Home Commodities Commodities stabilise but cattle prices fall

Commodities stabilise but cattle prices fall


While the NAB Rural Commodities Index was down 1.2 per cent in February, almost all of the downside was driven by falling cattle prices as the industry faces parallel challenges of higher turn-off, processor constraints and tough global conditions.

With cattle prices continuing to fall, volatility is likely to continue.

NAB’s Phin Ziebell said other commodities including wheat, cotton and sugar experienced price gains over the period, although had since retreated somewhat in recent weeks.

“Australian wheat prices rose earlier this month, cracking $400/tonne before retreating around $20,” Mr Ziebell said.

“A lower Australian dollar in early March was the main driver, and prices will likely unwind if the AUD appreciates.

“Global prices are generally weaker at present, most recently reflecting the renewed Russia-Ukraine grain export agreement and more favourable weather in the United States.

“We see the AUD rising to around US78¢ by end 2023 and US80¢ by the end 2024. This view is largely predicated on a longer-term depreciation of the USD while a reopening in China is a positive for global commodity demand.

“Cotton prices stabilised in the new year although the last few weeks has seen some downside, with the AUD Cotlook trading at around $700/bale.

“Sugar prices continue to chalk up further gains — one of the few commodities in our index seeing consistent growth.

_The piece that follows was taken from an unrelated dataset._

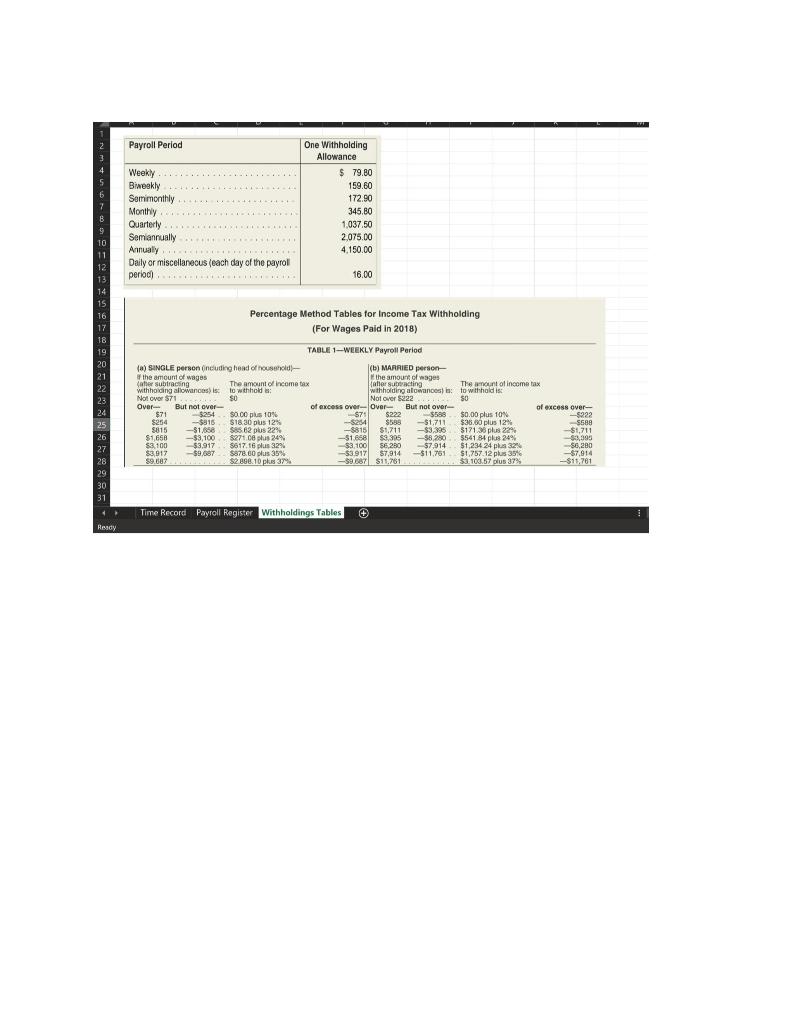 record and payroll register for the employees of Pancakes Unlimited, Inc for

“We see the oil market outlook, combined with supply concerns, as key drivers in coming months, and prices are likely to remain elevated.”

Mr Ziebell said the Australian agriculture sector was collectively weighing up a range of domestic and global influences, including the threat of an El Niño event.

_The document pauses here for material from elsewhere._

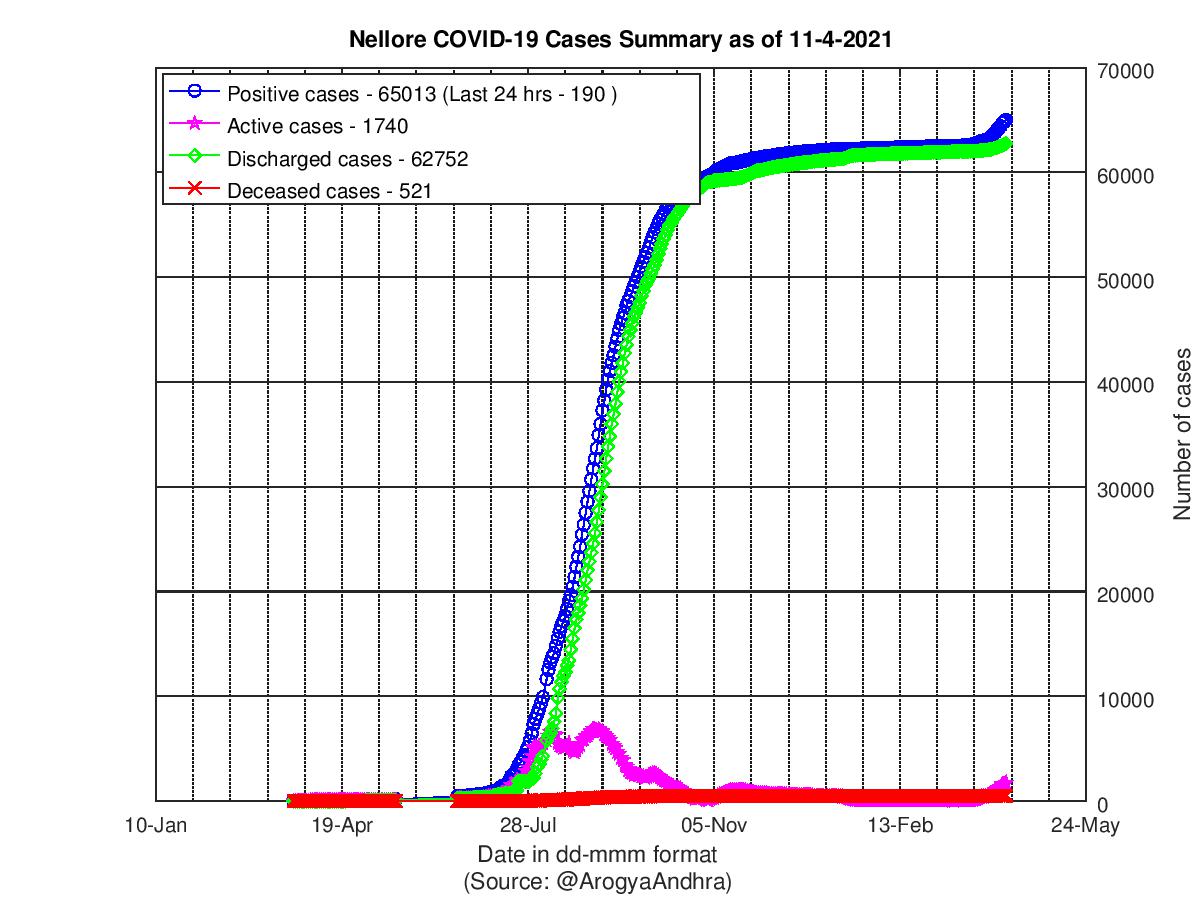 Nellore COVID-19 Cases Summary as of 11-Apr-2021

“An El Niño, if it develops, increases the chances of a hot, dry spring-summer across eastern and northern Australia,” he said.

“The global economic outlook has become much more complicated recently.

“Central banks find themselves caught between competing forces of persistently high inflation despite steep policy rate increases in much of the world in 2022, and banking sector instability in both the United States and Europe.

“The Australian economy looks to have remained resilient in quarter four, with real retail sales declining only modestly, business conditions remaining well above average and the labour market remaining strong.

“However, we see growth slowing sharply from here as consumer spending comes under pressure from both higher rates and inflation.”

Looking to interest rates, Mr Ziebell said NAB still expected the RBA to lift rates at each of the next two meetings, taking the cash rate to 4.1 per cent, and holding there until cutting in early 2024.